+++ PROVIDED ENTRIES

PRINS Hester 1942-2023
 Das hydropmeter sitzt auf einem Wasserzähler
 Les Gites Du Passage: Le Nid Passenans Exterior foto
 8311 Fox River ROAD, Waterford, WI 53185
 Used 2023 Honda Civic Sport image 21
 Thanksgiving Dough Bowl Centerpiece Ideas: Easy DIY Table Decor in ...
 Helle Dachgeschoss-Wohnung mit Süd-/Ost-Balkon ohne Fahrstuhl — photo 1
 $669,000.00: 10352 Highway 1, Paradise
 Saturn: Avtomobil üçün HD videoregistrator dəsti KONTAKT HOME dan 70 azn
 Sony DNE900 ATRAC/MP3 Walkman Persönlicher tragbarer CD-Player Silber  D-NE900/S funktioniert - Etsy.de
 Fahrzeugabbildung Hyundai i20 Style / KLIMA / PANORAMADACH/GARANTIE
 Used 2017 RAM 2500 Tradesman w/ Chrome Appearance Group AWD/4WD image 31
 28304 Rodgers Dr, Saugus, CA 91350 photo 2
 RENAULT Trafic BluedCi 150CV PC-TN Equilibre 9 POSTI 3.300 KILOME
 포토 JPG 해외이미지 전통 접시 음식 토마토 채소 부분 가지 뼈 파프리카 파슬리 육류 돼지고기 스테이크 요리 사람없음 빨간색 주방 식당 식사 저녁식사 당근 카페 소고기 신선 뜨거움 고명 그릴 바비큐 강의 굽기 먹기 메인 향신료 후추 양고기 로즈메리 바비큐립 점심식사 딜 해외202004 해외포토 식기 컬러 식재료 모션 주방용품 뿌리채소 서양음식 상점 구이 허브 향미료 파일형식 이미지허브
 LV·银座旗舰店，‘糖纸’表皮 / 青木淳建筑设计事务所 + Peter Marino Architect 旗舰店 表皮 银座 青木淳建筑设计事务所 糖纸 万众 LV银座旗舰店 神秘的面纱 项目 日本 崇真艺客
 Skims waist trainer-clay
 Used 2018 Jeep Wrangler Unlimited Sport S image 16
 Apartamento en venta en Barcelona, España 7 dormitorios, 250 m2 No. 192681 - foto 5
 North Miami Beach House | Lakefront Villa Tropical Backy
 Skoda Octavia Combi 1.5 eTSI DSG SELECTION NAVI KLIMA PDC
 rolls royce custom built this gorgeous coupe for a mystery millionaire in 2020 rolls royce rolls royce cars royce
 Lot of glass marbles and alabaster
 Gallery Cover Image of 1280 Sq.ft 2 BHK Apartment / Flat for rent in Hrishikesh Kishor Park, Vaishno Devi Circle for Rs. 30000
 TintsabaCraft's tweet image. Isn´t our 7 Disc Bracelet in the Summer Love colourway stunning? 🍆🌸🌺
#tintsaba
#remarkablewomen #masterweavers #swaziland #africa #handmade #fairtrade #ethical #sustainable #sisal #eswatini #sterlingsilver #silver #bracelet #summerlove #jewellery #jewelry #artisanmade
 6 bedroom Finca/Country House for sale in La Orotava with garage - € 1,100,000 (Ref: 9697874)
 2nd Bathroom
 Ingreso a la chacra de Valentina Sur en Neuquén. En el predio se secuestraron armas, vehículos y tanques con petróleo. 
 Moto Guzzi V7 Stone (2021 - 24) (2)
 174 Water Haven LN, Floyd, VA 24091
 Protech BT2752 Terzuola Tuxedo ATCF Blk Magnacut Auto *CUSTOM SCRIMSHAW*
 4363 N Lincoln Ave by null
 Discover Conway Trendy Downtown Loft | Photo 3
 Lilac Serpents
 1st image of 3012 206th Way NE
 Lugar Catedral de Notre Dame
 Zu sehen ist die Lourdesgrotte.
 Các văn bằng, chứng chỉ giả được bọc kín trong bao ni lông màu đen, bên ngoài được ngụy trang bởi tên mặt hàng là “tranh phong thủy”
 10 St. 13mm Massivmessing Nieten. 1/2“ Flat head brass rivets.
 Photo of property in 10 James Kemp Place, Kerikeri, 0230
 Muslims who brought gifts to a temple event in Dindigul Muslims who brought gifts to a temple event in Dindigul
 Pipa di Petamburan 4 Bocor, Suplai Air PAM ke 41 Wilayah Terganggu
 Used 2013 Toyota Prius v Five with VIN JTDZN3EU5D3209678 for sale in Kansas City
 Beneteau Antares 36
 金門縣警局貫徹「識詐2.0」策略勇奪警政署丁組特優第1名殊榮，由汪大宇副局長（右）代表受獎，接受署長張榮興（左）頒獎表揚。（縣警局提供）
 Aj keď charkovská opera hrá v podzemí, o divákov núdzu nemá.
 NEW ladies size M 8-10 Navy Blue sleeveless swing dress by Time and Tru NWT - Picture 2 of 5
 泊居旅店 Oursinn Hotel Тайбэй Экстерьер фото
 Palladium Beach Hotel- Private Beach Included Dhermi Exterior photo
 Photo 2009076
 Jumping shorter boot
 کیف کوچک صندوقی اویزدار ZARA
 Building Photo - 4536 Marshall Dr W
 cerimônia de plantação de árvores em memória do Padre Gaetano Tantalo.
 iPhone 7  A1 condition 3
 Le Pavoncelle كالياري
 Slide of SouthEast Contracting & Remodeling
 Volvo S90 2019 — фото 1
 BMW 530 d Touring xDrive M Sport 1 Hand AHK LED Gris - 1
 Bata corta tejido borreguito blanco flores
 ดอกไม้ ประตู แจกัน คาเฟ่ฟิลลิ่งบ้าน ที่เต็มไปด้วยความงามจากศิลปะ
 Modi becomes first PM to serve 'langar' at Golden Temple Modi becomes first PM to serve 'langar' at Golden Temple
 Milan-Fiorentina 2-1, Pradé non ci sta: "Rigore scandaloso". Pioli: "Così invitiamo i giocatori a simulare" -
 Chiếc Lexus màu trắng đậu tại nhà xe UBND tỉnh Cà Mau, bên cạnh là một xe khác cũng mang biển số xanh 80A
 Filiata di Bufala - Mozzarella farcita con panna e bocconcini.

++++++

• GOAL OF THE EXERCISE
Each line in the entries above, starting at the line with "Fahrzeugabbildung Hyundai i20" and ending at the line with "RENAULT Trafic BluedCi", is to be printed exactly, and only those lines.

• OUTPUT FOR THIS TASK
 Fahrzeugabbildung Hyundai i20 Style / KLIMA / PANORAMADACH/GARANTIE
 Used 2017 RAM 2500 Tradesman w/ Chrome Appearance Group AWD/4WD image 31
 28304 Rodgers Dr, Saugus, CA 91350 photo 2
 RENAULT Trafic BluedCi 150CV PC-TN Equilibre 9 POSTI 3.300 KILOME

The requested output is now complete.